The Sum of Its Parts
The R1 Carry slide is blued steel, with Novak-like sights front and back. The front is a night sight, with a tritium, insert, courtesy of Trijicon. The rear is a plain steel sight, no dots, lines or inserts—which is the way I like sights, although my test sample had a set of drift-rod marks from where it was assembled. (Check the records, Remington; whoever put the sights on 73A needs to be handed a brass drift pin.)

The cocking serrations are thankfully present only at the rear and are six round-bottomed grooves. The rest of the slide? Standard internal extractor properly clocked, proper GI-style recoil spring and guide rod, normal and well-fitted stainless bushing, and match barrel with loaded-chamber inspection slot. If you reload, you’ll be happy to know that the ejection port has been lowered and scalloped at the rear, so your empty brass will have an easier—and less dinged—path to the ground. These are all things we used to pay extra for that now, in the 21st century, expect out of the box. Here, we get them out of the box.

The safety is large enough to be useful, but not so large as to be obtrusive. It is ambidextrous and clicks up and down as thumb safeties should. The right-side lever is smaller than the left—a good thing—but were I to hang on to this R1 Carry I’d have to make it a bit smaller still due to the position of my hand in the firing grip. It may not bother you at all—my grip is an odd one—but it’s easy enough to fix.

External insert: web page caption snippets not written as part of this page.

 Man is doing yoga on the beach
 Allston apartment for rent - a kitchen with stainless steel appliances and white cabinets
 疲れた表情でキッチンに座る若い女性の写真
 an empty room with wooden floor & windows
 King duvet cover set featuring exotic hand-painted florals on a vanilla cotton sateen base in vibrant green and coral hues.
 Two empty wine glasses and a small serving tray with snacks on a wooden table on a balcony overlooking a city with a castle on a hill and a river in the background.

The high-rise grip safety is fit with a bit of play and some gaps—OK on a production gun but cause for complaint on a custom gun. The grip safety is also set a bit “hard” in that it has to be crushed to the halfway point or a bit beyond before the trigger clears it. I prefer my grip safeties a bit more sensitive than that.

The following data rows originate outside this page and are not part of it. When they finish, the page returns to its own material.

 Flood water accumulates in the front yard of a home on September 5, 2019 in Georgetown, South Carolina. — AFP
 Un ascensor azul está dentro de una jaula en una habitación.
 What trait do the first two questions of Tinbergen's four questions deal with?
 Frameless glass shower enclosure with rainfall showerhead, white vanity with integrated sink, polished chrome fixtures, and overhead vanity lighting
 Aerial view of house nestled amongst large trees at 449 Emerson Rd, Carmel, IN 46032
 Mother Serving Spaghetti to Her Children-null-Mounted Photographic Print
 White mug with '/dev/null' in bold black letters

The speed bump on the grip safety, the mainspring housing and the frontstrap are all checkered, 30 lines to the inch. It is nicely done machine checkering, and the frontstrap has clearance grooves top and bottom to clean up the machine cuts and provide your hand a bit more access to the checkering for a secure grip. If you’re thinking of the R1 Carry as a base gun for some extra custom work, the paneling that sets off the frontstrap checkering at the top will serve you well, allowing your custom 1911 guy (or gal) to lift the frontstrap where it joins the triggerguard.

The magazine catch is standard size, height and grooved, and the grips are wood, half-checkered on the diagonal and held on with torx-head screws.

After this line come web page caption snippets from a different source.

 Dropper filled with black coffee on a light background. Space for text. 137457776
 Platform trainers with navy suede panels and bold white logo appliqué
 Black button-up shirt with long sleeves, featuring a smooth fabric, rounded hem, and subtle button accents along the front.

The slide and frame have been dehorned, but in an industrial process and not a hand-done dehorning. You know how you clean your brass before reloading? Well, think of a bin the size of a hot tub with ceramic lozenges in it and a bunch of slides or frames added into the mix. They vibrate around, and the ceramics rub the slides or frames, wearing the edges slightly rounded enough to be nonabrasive.

This is a fast process, and one in use in just about every firearms manufacturer in the country (and overseas as well), but it doesn’t round just the edges you want rounded. It rounds all the corners that the ceramic chips and lozenges can reach. The signs of this show at the slot for the mainspring housing. I realize it is difficult to see, and even I have to admit it is a minor cosmetic detail. And given the competitive price of the R1 Carry, it’s a detail that is easy to overlook. The magazine well, just ahead of it, is beveled for fast reloads.

The trigger is the customary aluminum unit, with an overtravel screw and three lightening holes. They connect, via the sear, to a Commander-style hammer. The trigger pull is very clean and in the four-pound region. In dry-firing it, I could hear the disconnector “ting” as I took the slack up, but most of the time couldn’t feel it. The rest of the trigger pull was uneventful. Once the slack was gone, nothing moved until the hammer fell.

After I had dry-fired it some, then spent a couple of days at the range with it, the “ting” diminished greatly and is now quiet enough that it takes some hard listening to hear it.